You can have a part-time salary!
Exactly. Friends of ours said they were looking for a half-time youth minister at [Church of the Epiphany in Glenburn Township, a Scranton suburb]. She could spend a little more time at home with our first child and work half time at the Episcopal Church. As a Presbyterian teaching in a Catholic Jesuit university, it was inevitable that I would become Episcopalian, and that’s what happened.
Jesuits do education really well. Right from the start, it was very clear that Jesuit education is about the formation of the whole person. And you don’t get that at every undergraduate institution. Seminaries, by their nature, are concerned about formation of the whole person. So coming here to Southwest was not a big transition in that respect.

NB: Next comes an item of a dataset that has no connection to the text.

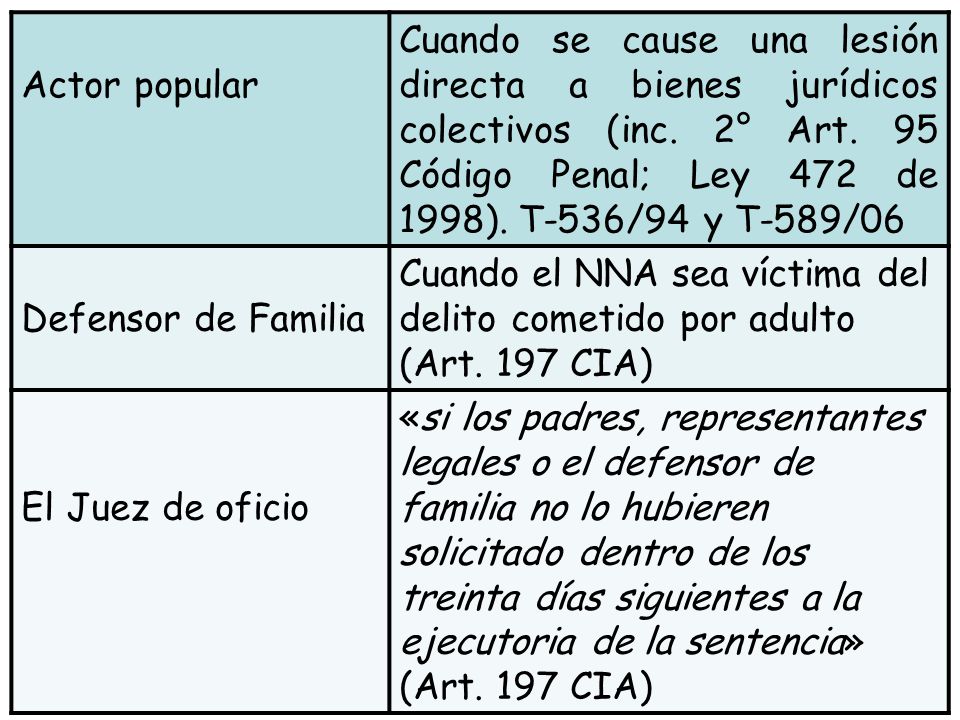 Actor popular Cuando se cause una lesión directa a bienes jurídicos colectivos (inc. 2° Art. 95 Código Penal; Ley 472 de 1998). T-536/94 y T-589/06.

Has Seminary of the Southwest been growing in recent years?
When you’re working with relatively small numbers, there can be fairly big fluctuations from year to year. We have been hovering between, say, 110 and 120 students for at least the last five years. Of those, roughly 75 are students in our counseling program, and we have usually somewhere between 30 and 40 in the M.Div. [master of divinity]. And then we’ve got a handful of students in two other programs: a master of arts in religion, and a master’s in spiritual direction. Those are both small programs, but they speak to important things that we care about.

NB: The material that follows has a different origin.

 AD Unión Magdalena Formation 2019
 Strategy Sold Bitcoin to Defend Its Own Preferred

So it’s been steady, basically.
Last year we had 19 new M.Divs. Looks like this year we’ll have nine new M.Divs. So year to year, it can be very different, but averaging out to around 15 is usually where we land.
How many of your students are residential?

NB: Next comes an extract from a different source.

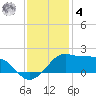 Eugene Island tide chart for Thursday, December 4, 2025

All the M.Div. students are residential. We do not have any online or hybrid M.Div. programs, but we do have our Iona Collaborative program. It was originally founded [in 2012] to provide resourcing for local formation of priests and deacons, but has expanded since then to become much more attentive to lay formation. Iona has been our way of trying to figure out, how do you do theological formation for folks who can’t come to a residential seminary? Iona doesn’t offer a degree. We offer a certificate of completion, and the final assessment of students happens at the diocesan level, so we leave that to the deans of the program and the bishops and commissions on ministry. That’s been our way to expand our reach beyond those who can physically be on campus.
The gold standard of priest-making is the three-year residential program, and there’s an obvious benefit to being in community with other people who are wrestling with the same kinds of things as you look toward a career in the priesthood. Garwood Anderson [former dean of Nashotah House] certainly favors residential, but says even for people who have the will and the interest, they can’t necessarily make the math work in terms of the cost and the lack of full-time opportunities.
The Episcopal Church is going to need, and increasingly has, a mixed economy of clergy formation. I think we’ll live with that mixed economy for quite some time. We continue to need residential seminaries, but we also need other options for people who can’t get to a residential program. Maybe it’s a spouse or family that makes it impossible to move. Sometimes it’s finances. Sometimes their goal really is bivocational ministry, and it doesn’t make any sense to leave your job if your goal is, in the end, to be bivocational.
At the same time, I really believe residential seminary provides something that you can’t provide in online and hybrid programs. You have people living together, people who are involved in a common life throughout the day. It’s life in the classroom, but it’s also meals together. It’s also chapel together. It’s social time together. It’s events on campus. It’s getting together and going into Austin and going to a concert or going to a show, or going to a lecture at the University of Texas, or taking advantage of something happening at Austin Presbyterian Seminary. Being in physical proximity with one another and with the sorts of resources that you can have surrounding a seminary makes for opportunities for formation and growth that can’t happen in the same way when you’re online. So I think we need both.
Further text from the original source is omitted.